Like every other graduate of California’s public schools, I learned about the Spanish missions in fourth grade by building a model out of cardboard and sugar cubes. But unlike most of my classmates I kept an interest in the subject after my voice changed, and went on to discover a lot of things that my teachers never mentioned. Did you know, for instance, that the soon-to-be-saintly Father Serra was in fact a notorious flagellant who liked to preach the gospel stripped to the waist, scourging himself with chains and burning his flesh with hot candle wax? Or that each of those quaint little mission cemeteries is actually a mass grave, packed with the bones of thousands of natives? No wonder the 4th grade lesson plan focused on arts and crafts.

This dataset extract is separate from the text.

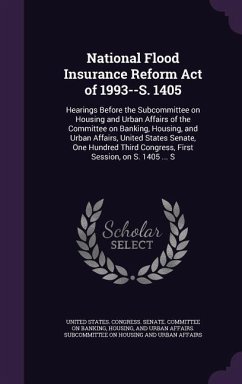 National Flood Insurance Reform Act of 1993--S. 1405: Hearings Before the Subcommittee on Housing and Urban Affairs of the Committee on Banking, Housi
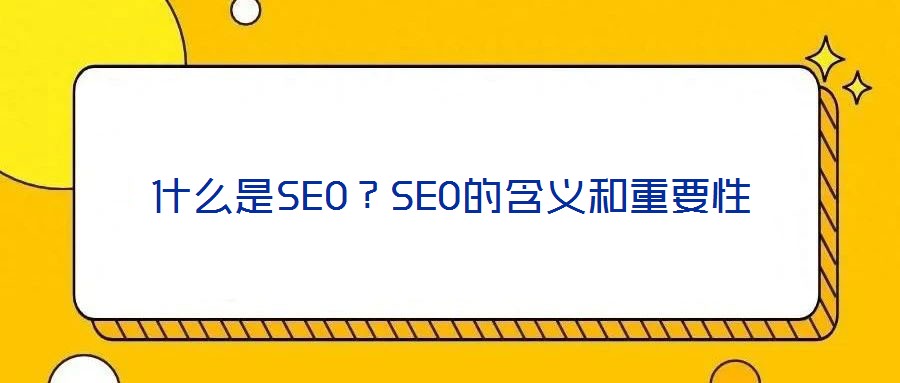 什么是SEO？SEO的含義和重要性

Over the years I’ve managed to visit most of the 21 mission sites, and last weekend I cut another notch in my traveling stick, touring the long-shuttered Mission San Miguel Arcangel, just north of Paso Robles. Nearly destroyed by earthquakes, it has been closed to the public since the San Simeon quake of 2003, and only recently reopened. While most of the complex is still a private retreat for Franciscan monks, visitors can once again enter the main church and tour the adjoining wing of the quadrangle, which dates back to 1816.
Several things about Mission San Miguel are striking, and combine to make it well worth a visit. First, the location – surrounded by rolling oak hills, its pastoral setting has changed very little since its founding in 1797. Unlike other sites in more populated areas, this one is in the middle of nowhere, and it doesn’t take much Photoshop work to visualize it as it must have looked 200 years ago. Second, and also thanks to its remote location, there hasn’t been much demand for its real estate, so it remains surrounded by a good portion of the original mission grounds. Third, the place has never seen much renovation or updating, and remains more-or-less true to its original form. Despite two centuries of fire and earthquakes you are still looking at original structures, not reproductions, and it’s a rare opportunity to view original architecture and artwork. The elaborately painted interior of the mission church, in bold murals and colorful geometrics that seem at once neoclassical and neolithic, offers one of the finest surviving examples of this kind of decorative art, credited to the Catalan artist/ranchero Esteban Munras and “Salinan native American artists.”
Along with its obvious cultural, artistic, and architectural significance, Mission San Miguel has another historical claim to fame – it was the site of one of California’s earliest and grisliest mass murders. And I’m not talking about the 2,249 recorded Indian burials in the mission cemetery. In December of 1848, after the mission had been secularized and sold off to private interests, it was the home to the English sailor William Reed and his Californio family. Reed, who had recently returned from the gold fields after a profitable trip selling sheep to the miners, got a little too talky about his financial successes while entertaining a group of visiting gringos. They split his head open with an axe, took his gold, and proceeded to murder the entire family and staff. Mail courier James Beckwourth later discovered the hacked and partially burned bodies of eleven people in the old mission, including the Reeds’ unborn child. The proto-Mansons were tracked down by a posse of local rancheros and executed.